• AIM OF THE EXERCISE:
Nothing but the text should be carried over: reproduce all the data exactly and leave out every image.

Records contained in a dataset

• • • •

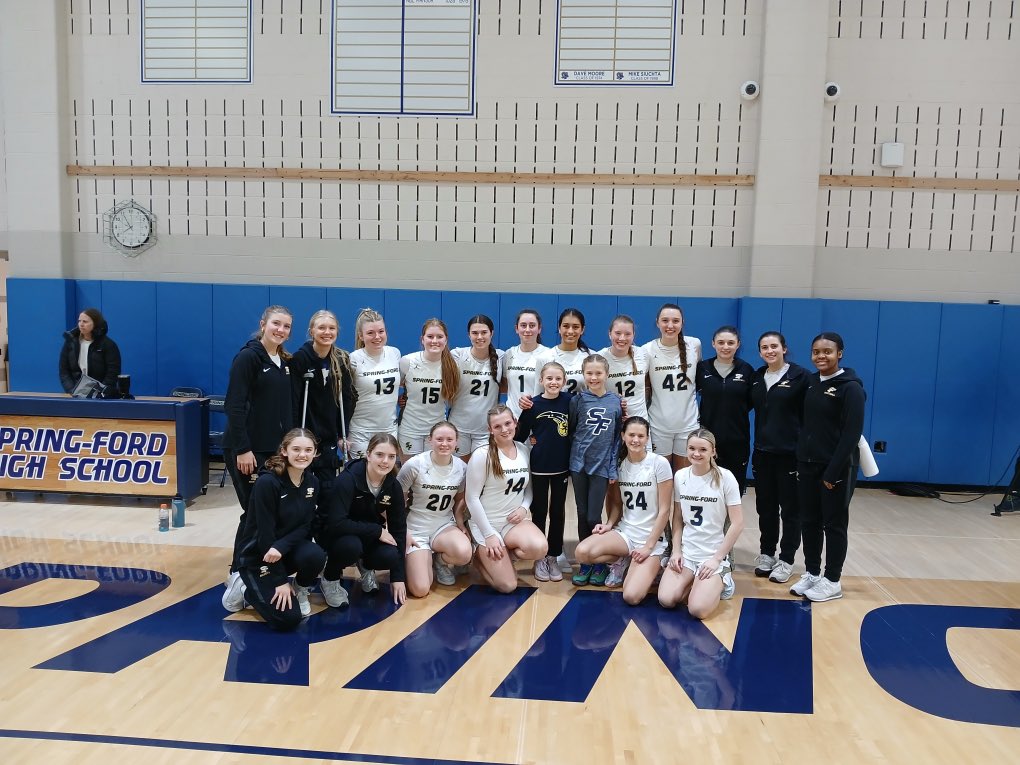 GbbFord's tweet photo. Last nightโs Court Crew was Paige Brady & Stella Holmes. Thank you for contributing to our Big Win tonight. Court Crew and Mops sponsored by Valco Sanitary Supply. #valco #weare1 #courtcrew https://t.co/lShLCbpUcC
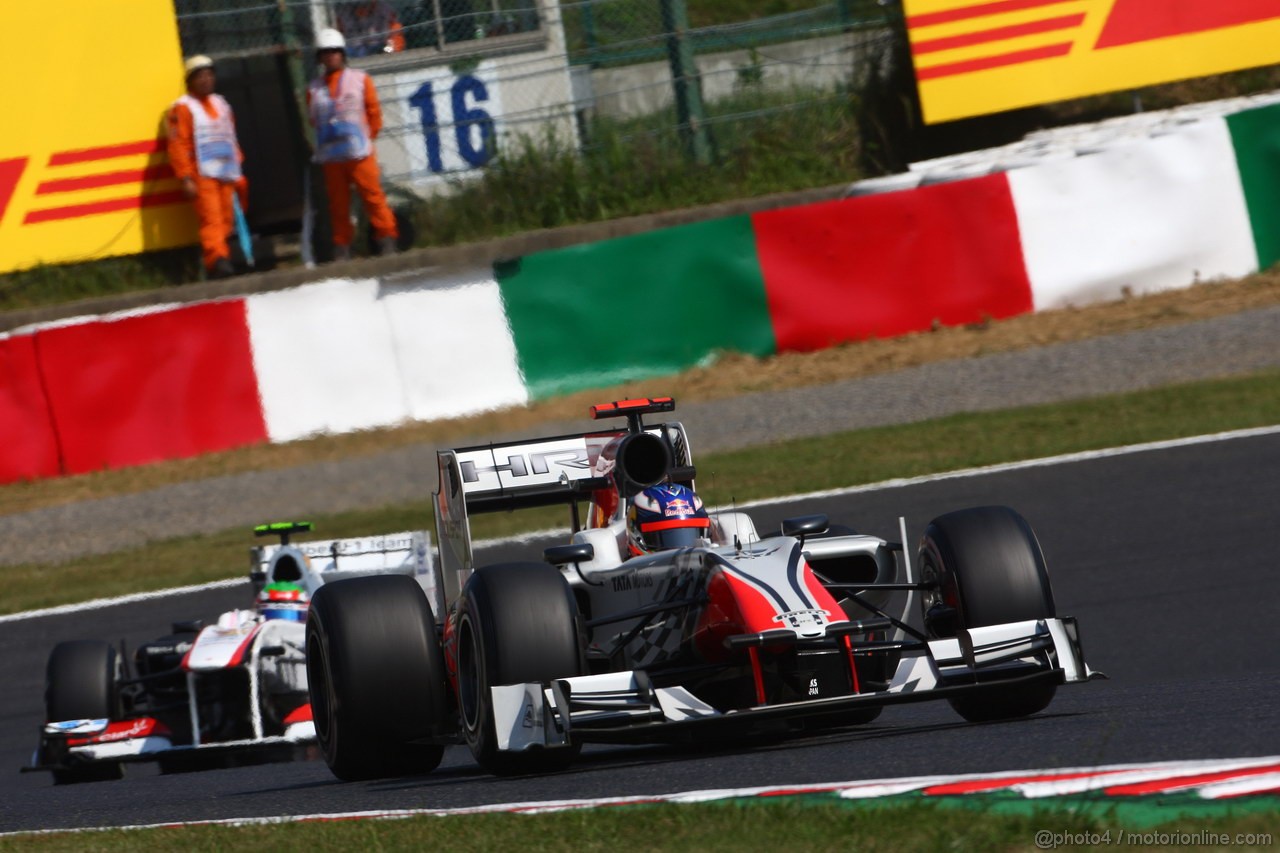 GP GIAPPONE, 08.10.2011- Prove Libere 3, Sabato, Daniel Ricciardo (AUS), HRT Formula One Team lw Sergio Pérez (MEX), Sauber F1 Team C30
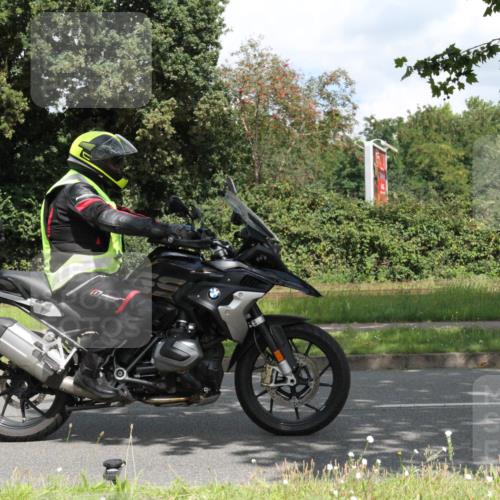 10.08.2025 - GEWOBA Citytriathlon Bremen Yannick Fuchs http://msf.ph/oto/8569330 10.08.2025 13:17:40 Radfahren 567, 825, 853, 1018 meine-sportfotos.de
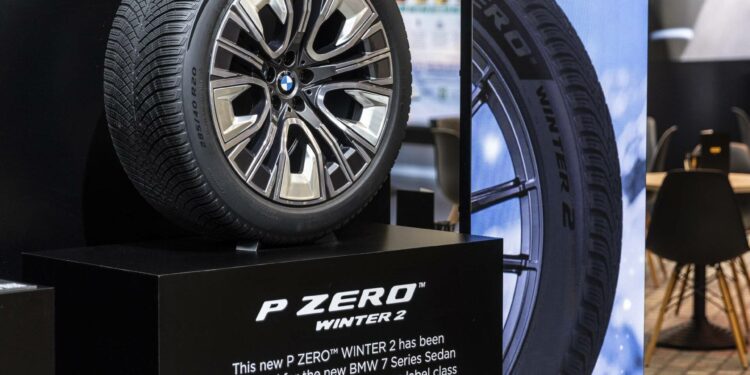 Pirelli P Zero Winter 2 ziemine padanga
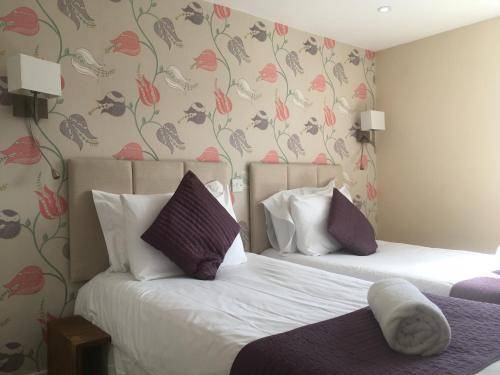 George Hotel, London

• • • •

• RESPONSE BOX:
 GbbFord's tweet photo. Last nightโs Court Crew was Paige Brady & Stella Holmes. Thank you for contributing to our Big Win tonight. Court Crew and Mops sponsored by Valco Sanitary Supply. #valco #weare1 #courtcrew https://t.co/lShLCbpUcC
 GP GIAPPONE, 08.10.2011- Prove Libere 3, Sabato, Daniel Ricciardo (AUS), HRT Formula One Team lw Sergio Pérez (MEX), Sauber F1 Team C30
 10.08.2025 - GEWOBA Citytriathlon Bremen Yannick Fuchs http://msf.ph/oto/8569330 10.08.2025 13:17:40 Radfahren 567, 825, 853, 1018 meine-sportfotos.de
 Pirelli P Zero Winter 2 ziemine padanga
 George Hotel, London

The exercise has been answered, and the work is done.